We can turn the data around on a t+1 basis. The term that everyone uses in this game is ‘holistic.’ Holistic surveillance uses technology that monitors all trade communications on the trading floor. With this software you can also learn from previous mistakes, which is a regulatory requirement.

Q: In your experience, how much transaction tracking does a compliance department do?

A: It varies, but I would estimate that about 10-15% of a compliance department’s activities relate to transaction tracking or investigations. This is about the same whether it’s a broker-dealer, a private bank, a hedge fund or a fund.

Q: Is voice recording analysis useful during section 166 visits?

A: Section 166 Financial Services and Markets Act (which covers reports that the regulator can demand from ‘skilled persons’) is the regulators’ nuclear option. Let me give you a basic explanation of the operation of s166. The FCA uses it in circumstances where it has determined that a firm’s processes and/or controls are insufficient or inappropriate. In those circumstances, the FCA is able, using s166, to require the firm to appoint an external body (a ‘skilled person’) to carry out an investigation into that area of the firm’s compliance with the FCA’s regulations. The results of that investigation, which the firm has to pay for, then enable the FCA to decide whether it has broken any rules to a significant degree and what fines and penalties to impose.

Voice records, their completeness and the firm’s access to them, could be a part of a s166 investigation. More frequently, firms receive enquiries from regulators, such as the FCA, asking for details of their trading activity and related communications including voice records. These requests can be about trading activity which took place the previous month or some years ago. They may cover just one transaction or a number of transactions in a particular company’s shares over a period of many months. It is an enormous task for a firm to amass that data and then analyse it before it sends it to the regulator to make sure that it is relevant, complete and accurate. It can involve the review of thousands of data points and millions of emails and voice communications. The cost and disruption involved in these exercises is enormous. Unless you have effective software and records management processes, you are at risk of incurring further investigation, as a result of supplying incorrect or incomplete information in response to the regulators request.
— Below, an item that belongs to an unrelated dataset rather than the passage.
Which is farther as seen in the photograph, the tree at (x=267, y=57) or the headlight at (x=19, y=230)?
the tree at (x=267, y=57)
The main message that I would send to all managers and compliance officers to understand is that you must employ effective tools in the management of your businesses. This applies throughout the financial sector, whether you are a multi-national investment bank or a small family office or a private bank. You must be able to demonstrate to the regulators that you have complete records, whether those records are trade details, electronic communications or ‘voice.’ In addition, you must be able to show that you oversee those controls effectively and that you are using effective processes to review the content of those records in order to prevent financial criminals from using the firm’s products and systems.
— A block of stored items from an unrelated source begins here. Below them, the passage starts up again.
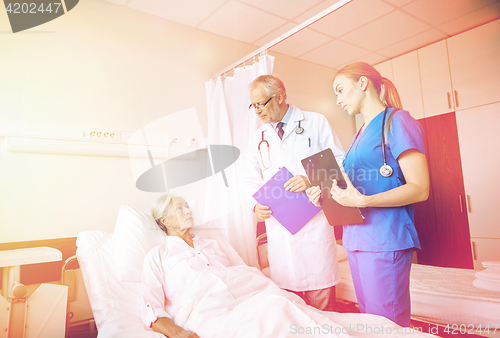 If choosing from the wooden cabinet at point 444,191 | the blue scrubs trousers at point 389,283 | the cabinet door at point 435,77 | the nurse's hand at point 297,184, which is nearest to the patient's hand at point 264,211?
the nurse's hand at point 297,184

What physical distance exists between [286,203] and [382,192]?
65 centimetres

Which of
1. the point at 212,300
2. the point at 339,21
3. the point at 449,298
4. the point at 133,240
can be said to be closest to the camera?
the point at 212,300

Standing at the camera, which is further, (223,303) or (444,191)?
(444,191)

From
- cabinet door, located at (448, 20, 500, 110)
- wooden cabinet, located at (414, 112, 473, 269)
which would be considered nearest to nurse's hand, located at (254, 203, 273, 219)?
wooden cabinet, located at (414, 112, 473, 269)

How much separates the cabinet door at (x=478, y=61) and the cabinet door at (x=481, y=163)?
0.08 m

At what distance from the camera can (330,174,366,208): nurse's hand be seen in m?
1.05

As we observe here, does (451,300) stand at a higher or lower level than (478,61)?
lower

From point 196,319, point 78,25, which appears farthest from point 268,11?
point 196,319

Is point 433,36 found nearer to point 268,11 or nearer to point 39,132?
point 268,11

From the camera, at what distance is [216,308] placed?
1.26 metres

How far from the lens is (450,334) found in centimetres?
160

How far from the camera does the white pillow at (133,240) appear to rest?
1662 millimetres

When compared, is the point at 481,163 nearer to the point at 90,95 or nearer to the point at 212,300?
the point at 212,300

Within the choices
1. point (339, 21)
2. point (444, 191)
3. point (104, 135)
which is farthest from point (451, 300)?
point (104, 135)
Financial crime is very broadly defined now and includes, amongst other things, market abuse, insider dealing, money laundering and related activity. The penalties are harsh and apply not only to firms but also individuals as well. The FCA will take action against managers who fail to manage. It is therefore vital for compliance officers to be able to show the regulators the tools that they use and they need complete, accurate and relevant data to do that.